+++ Records for this exercise

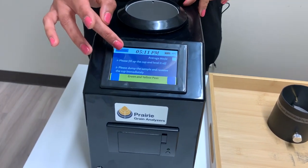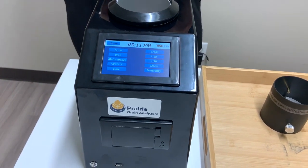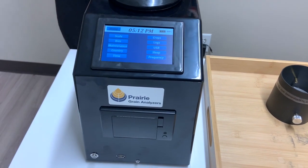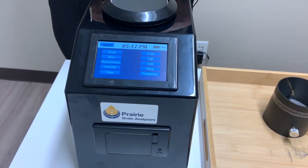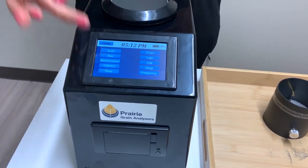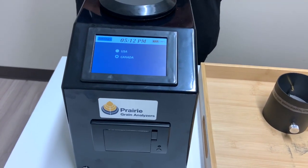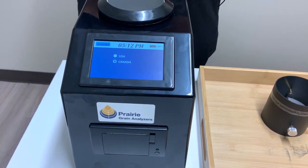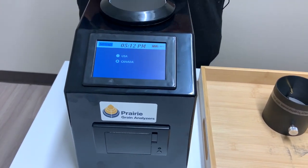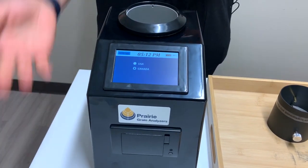We're going to go into the settings and start with the country. When we send out the testers we will pre-select the country, but it doesn't hurt to check. You want to make sure you're on the right country setting — either Canada or the US. If your tester isn't on the correct country setting, click the correct one, go back into settings, and reboot your machine — turn it off and turn it back on for it to reset.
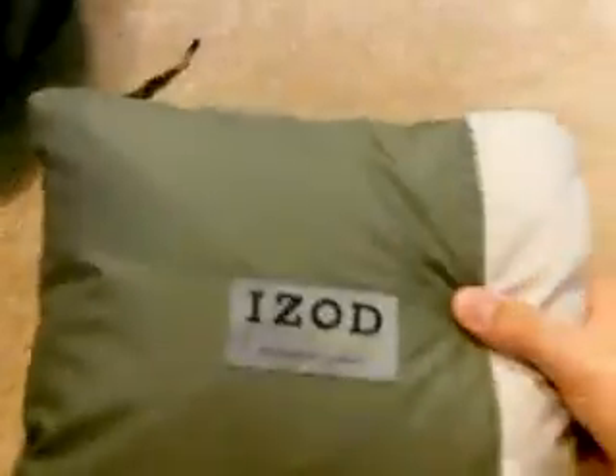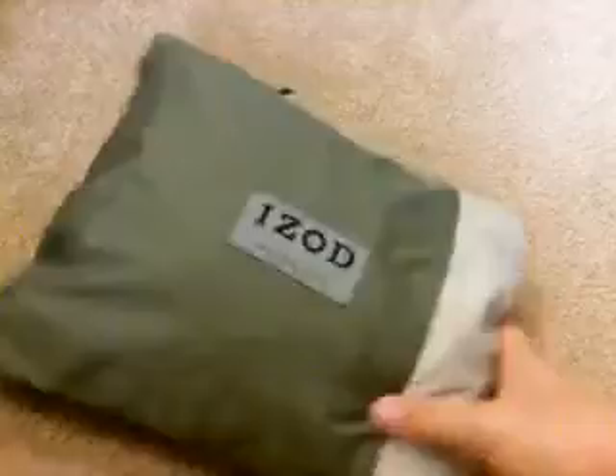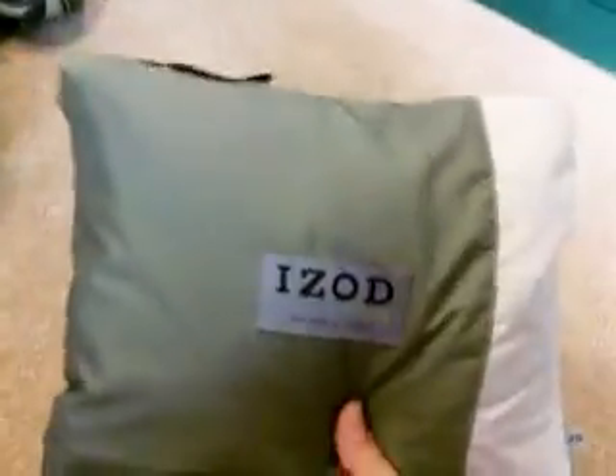Hey guys, this is Grizzly Stoves and the Tiki Reviews, and today I'm reviewing my new iZod Packable Jacket. I got it today — I needed something that was pretty much waterproof or water-resistant and windproof. I found this today at my local iZod store.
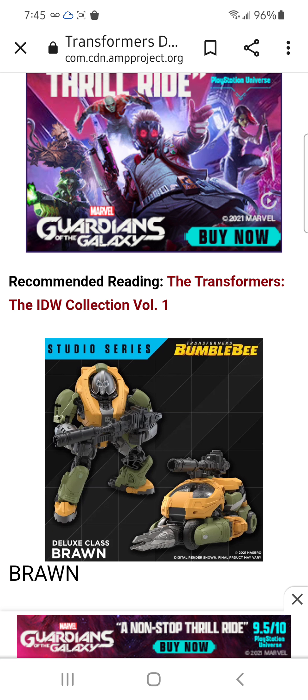I forgot about Bron — he doesn't look bad in my opinion. Wheeljack looks decent. I know it's Cybertronian, but it looks pretty decent. It does look like it has a little drill up front — I believe it's an accessory, so G1 IPRC, I guess. The gun looks like a big cannon, and as far as the gun goes, it looks good. I like it.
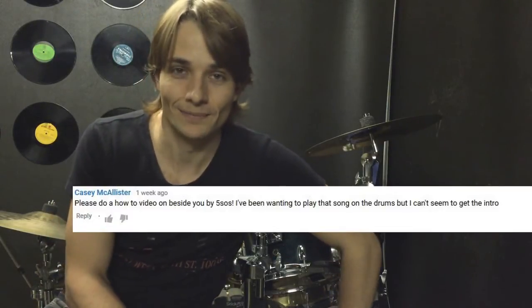Hello again guys. This lesson is for Beside You by 5 Seconds of Summer. Let's get straight into it so we can get this song up and running as fast as possible.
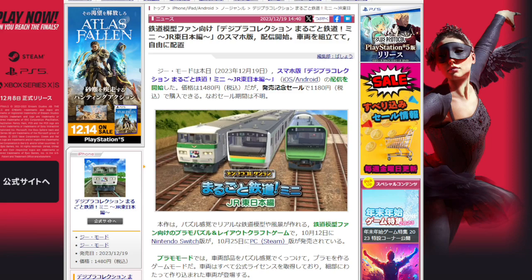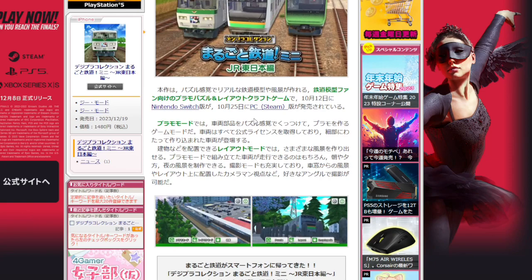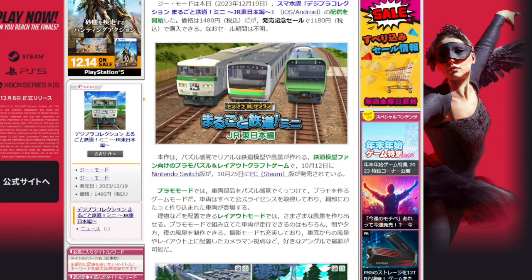So what we have here is there's going to be a smartphone version of the Digiplaw Collection — Whole Railway Mini JR East Edition. You can get it for iOS or Android. It's about 1480 yen. The concept is it's a plastic model, and you can lay out track layouts and run your trains. It's coming out for the Nintendo Switch as well.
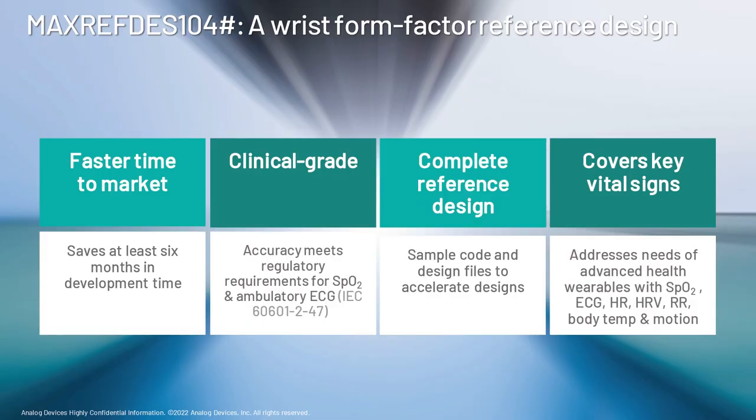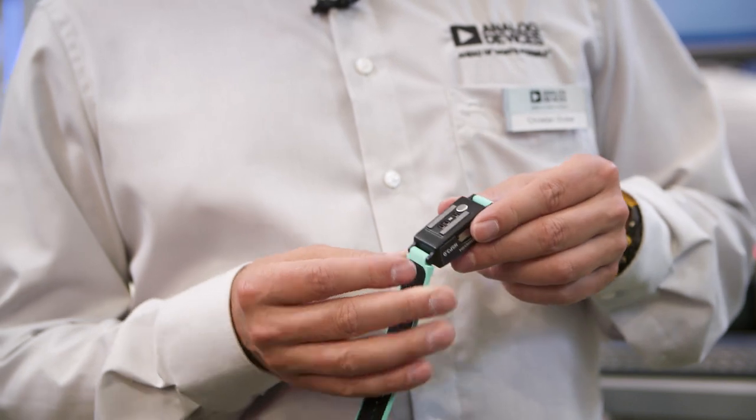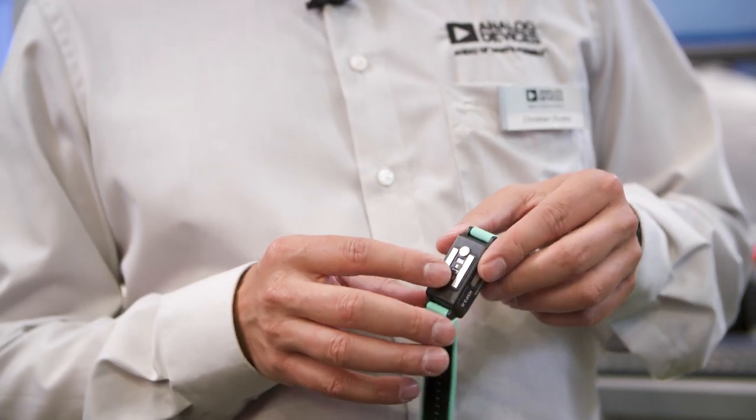To empower customers to start much earlier with data measurement, we created this platform. It includes sensors for ECG, PPG, and temperature, and it has an algorithm hub inside that supplies customers with data like SpO2, heart rate, heart rate variability, and temperature. There's a lot of standard biovital signs that you basically get out of this platform right when you unpack it out of the box.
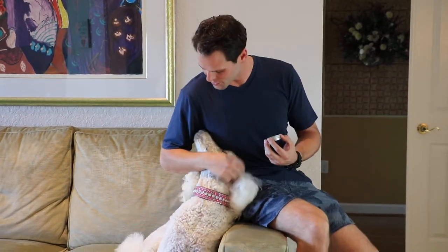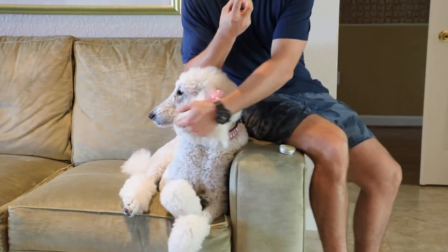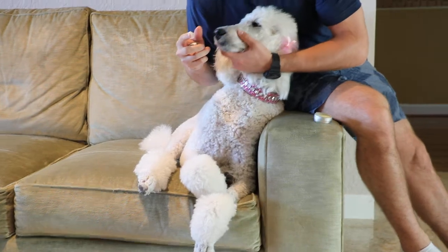Today we're going to apply some nose balm to a beautiful seven-year-old standard poodle, Snowy Girl. What you want to do is get a nice amount on your finger, depending on the dog's nose size, and then gently position the dog's face in the right position, very gently.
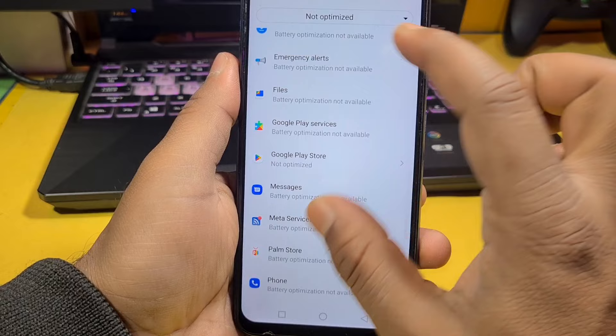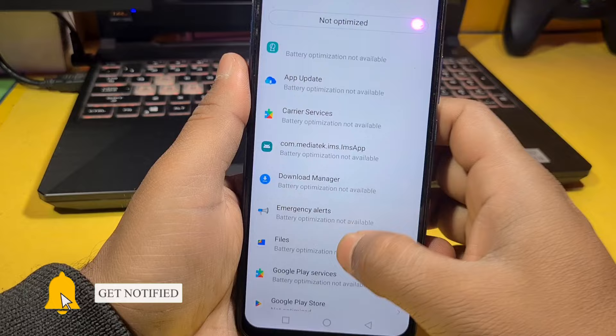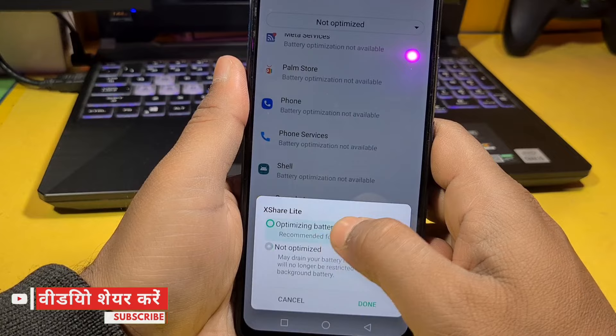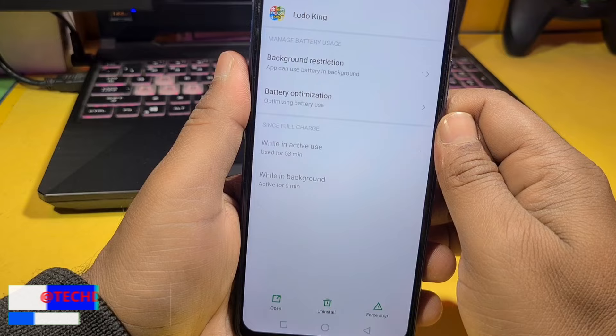You can also optimize Chrome, which consumes a lot of battery. Optimize it as well. On Snapchat, you can do the same — don't leave it unoptimized. If you use it, optimize it too. You will get a lot of battery saving by optimizing all these apps. You have to go through the settings and optimize at least 10 apps.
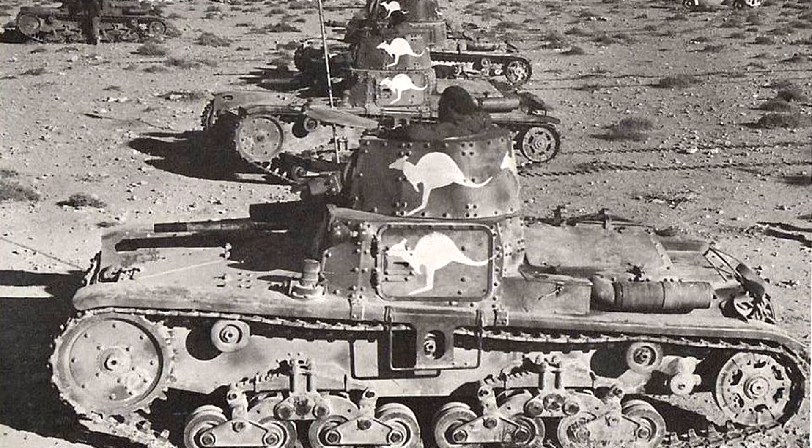The M11-39 was outfitted with a 105 horsepower V6 diesel engine, which allowed the tank to reach roughly 32 kph. The tank did have some issues with reliability, and this was amplified by the fine desert dust. As a result, many M11-39s were eventually abandoned.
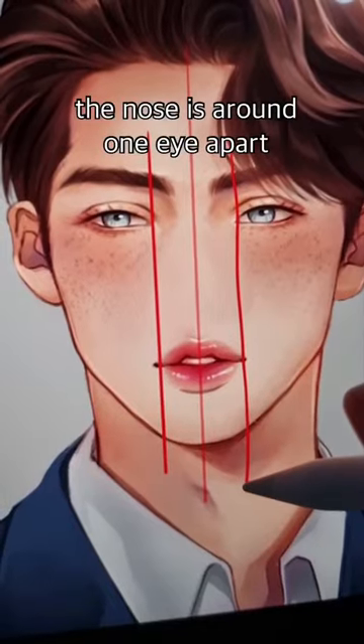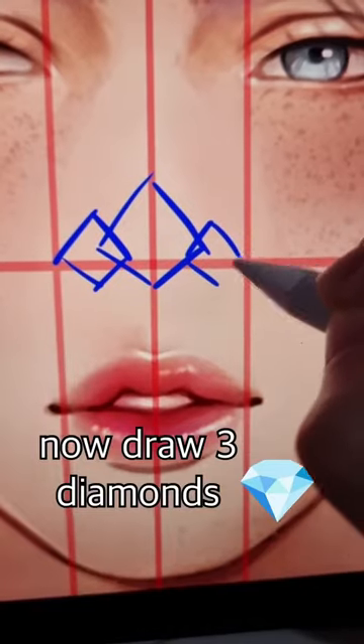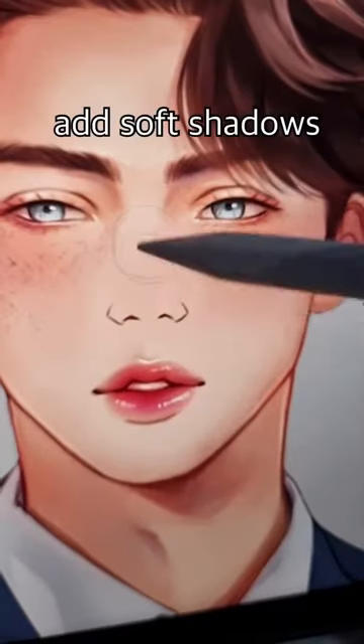Painting nose. The nose is around one eye apart and the height is around here. Now draw three diamonds and draw the nostrils. Add soft shadows.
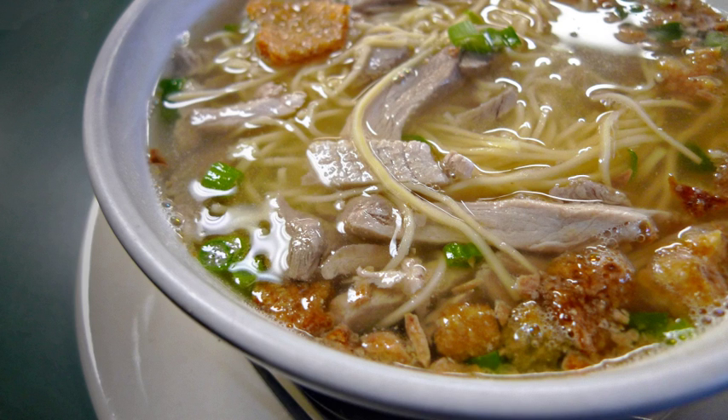Ingredients include pork offal — spleen, kidneys and heart — beef loin, shrimp broth, and round egg noodles, or Mickey. Oil is heated in a stock pot. The pork organs, shrimp, chicken and beef are stir-fried for about a minute.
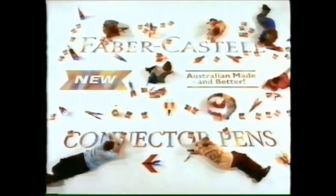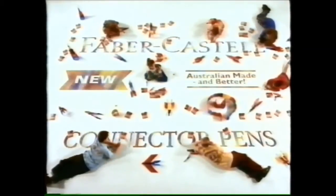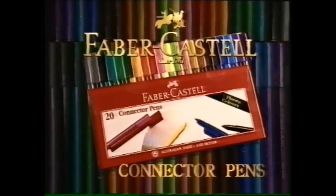So don't just write, have fun. Only from Faber Castell. Australian made and better.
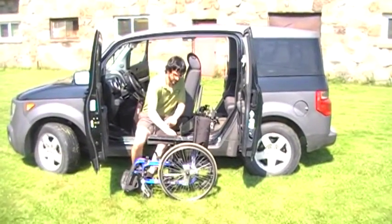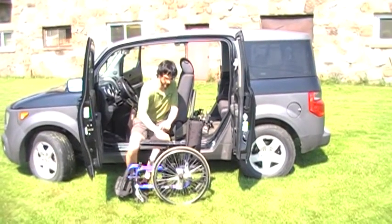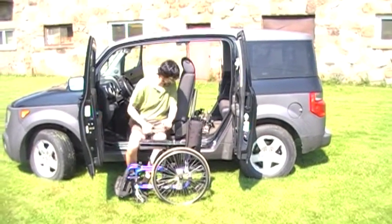Once we fold the wheelchair, we'll have some sort of a device to keep the wheelchair folded as we're going into a narrow space.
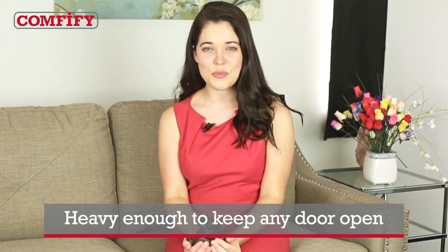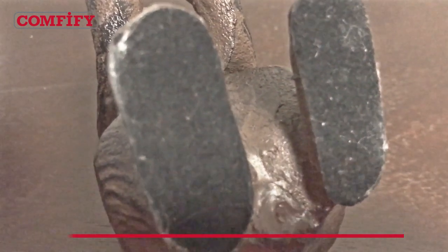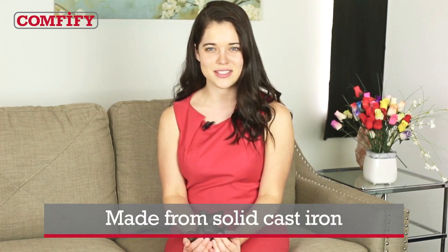It's also plenty heavy to hold any door open at any angle. Plus, this magical little mouse comes complete with felt pads on his little mouse feet so it won't chew up your floors. The cast iron mouse doorstop is crafted from solid repurposed cast iron, treated with a special coat for that old-timey rustic look, and looks simply squeaky no matter where you use it.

++++++

- _Your assignment_
Copy the lines above between the one holding "Hey guys, this" and the one holding "I forgot about", inclusive. Drop the pictures.

- _Solution for this exercise_
Hey guys, this is Grizzly Stoves and the Tiki Reviews, and today I'm reviewing my new iZod Packable Jacket. I got it today — I needed something that was pretty much waterproof or water-resistant and windproof. I found this today at my local iZod store.
I forgot about Bron — he doesn't look bad in my opinion. Wheeljack looks decent. I know it's Cybertronian, but it looks pretty decent. It does look like it has a little drill up front — I believe it's an accessory, so G1 IPRC, I guess. The gun looks like a big cannon, and as far as the gun goes, it looks good. I like it.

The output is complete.